Accordingly in one embodiment, this invention is a product recovery method for a hydrocarbon conversion process that contacts a hydrocarbon-containing feedstream with a particulate catalyst. In the method, a hydrocarbon-containing feedstream contacts catalyst in a confined reaction zone. The confined reaction zone discharges the catalyst into a reactor vessel and establishes a localized region in the reactor vessel through which a downwardly flowing stream of catalyst particles pass at a higher density relative to the average catalyst density in the reactor vessel. A vertically-extended de-gassing zone receives at least a portion of the flowing stream of catalyst through an inlet. The catalyst in the de-gassing zone is maintained with a downwardly increasing catalyst density gradient. At least a portion of the catalyst from a higher density region of the de-gassing zone passes into a stripping zone. A stripping gas contacts catalyst in the stripping zone, and stripped catalyst is recovered from the stripping zone.
In a more limited embodiment, this invention is a process for recovering hydrocarbons and stripping catalyst in a reactor and stripper of a fluidized catalytic cracking process. The process comprises contacting a hydrocarbon-containing feedstream with the catalyst in a riser conversion zone.

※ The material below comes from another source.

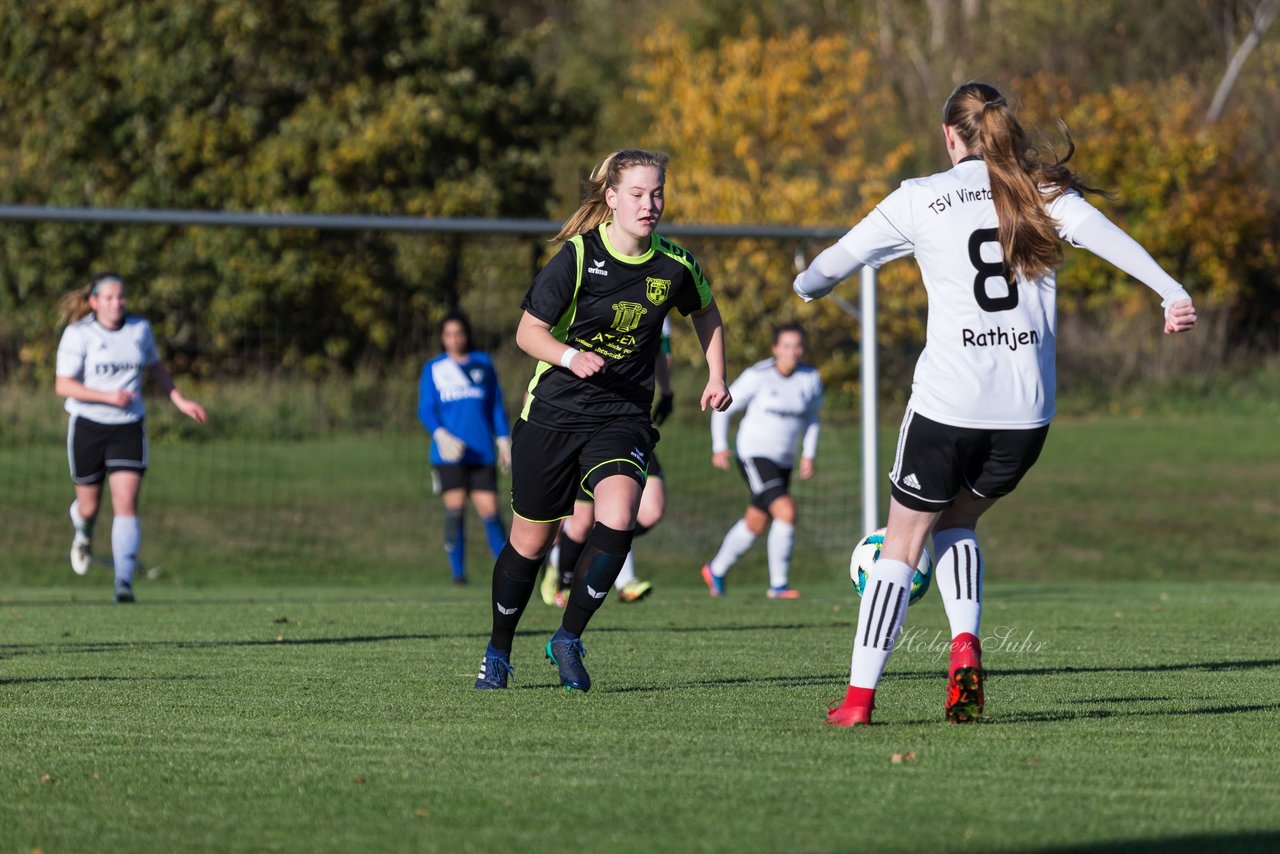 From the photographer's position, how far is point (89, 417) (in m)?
11.8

The riser discharges catalyst upwardly from its end into the reactor vessel, such that the catalyst passes as a concentrated stream along the wall of the reactor vessel. At least a portion of the concentrated stream of catalyst enters an annular inlet of a vertically-extended de-gassing zone. A fluidizing gas passes into the lower portion of the de-gassing zone. The fluidizing gas maintains a downwardly increasing density gradient for the catalyst throughout the de-gassing zone. At least a portion of the catalyst from a relatively higher density region of the de-gassing zone passes into a subadjacent stripping zone. A stripping gas contacts catalyst in the stripping zone and displaces hydrocarbons that pass upwardly out of the stripping zone along with the stripping fluid. The displaced hydrocarbons and stripping gas by-pass the de-gassing zone and exit the reactor vessel. A stripped catalyst is recovered from the stripping zone.
Other objects, embodiments, and details of this invention can be found in the following detailed description of the invention.

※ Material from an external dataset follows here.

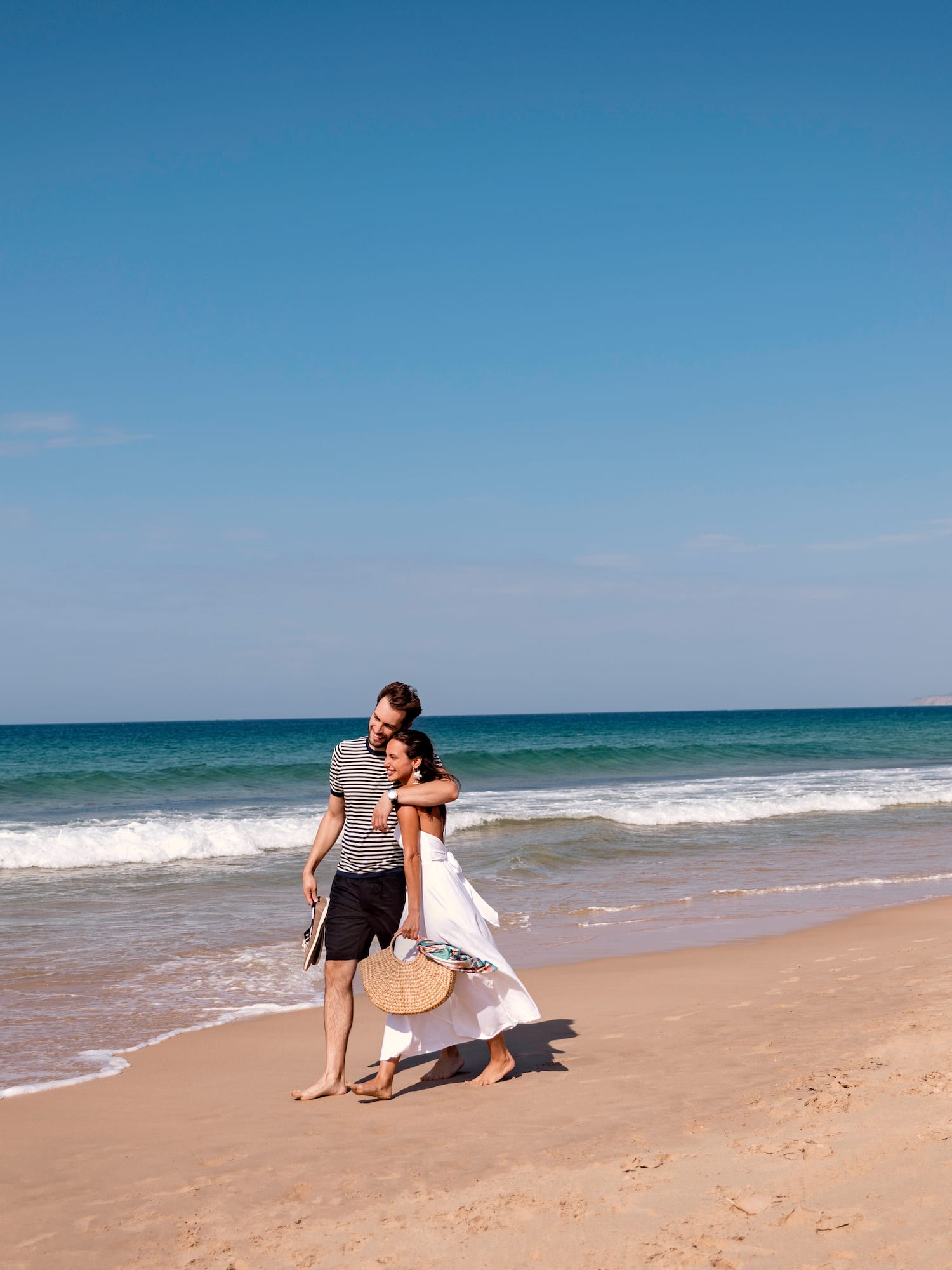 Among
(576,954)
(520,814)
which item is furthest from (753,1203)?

The FIGURE shows a cross-section of an FCC reactor vessel having a riser conversion zone, the de-gassing zone of this invention, and a sub-adjacent stripping zone.
This invention can improve the recovery of hydrocarbon vapors from any process that contacts vapors with a particulate catalyst in a fluidized manner. This invention will apply where there is an initial separation of hydrocarbon vapors from the catalyst that produces a concentrated stream of catalyst particles that flows through a region of the containment vessel. The de-gassing zone of this invention can have any configuration that will receive the concentrated flow of catalyst particles and will produce a downwardly increasing catalyst density gradient within the de-gassing zone that serves to decrease the void volume of the catalyst and drive hydrocarbon vapors upwardly out of the de-gassing zone. A better appreciation of this invention can be obtained from the FIGURE which shows the application of this invention in an otherwise conventional arrangement of an FCC reactor and FCC stripping zone.
This invention is particularly useful in the operation of an FCC reaction zone. Additional information on the operation of FCC reaction and regeneration zones may be obtained from U.S. Pat. Nod. 4,431,749 and 4,419,221 (cited above); and 4,220,623.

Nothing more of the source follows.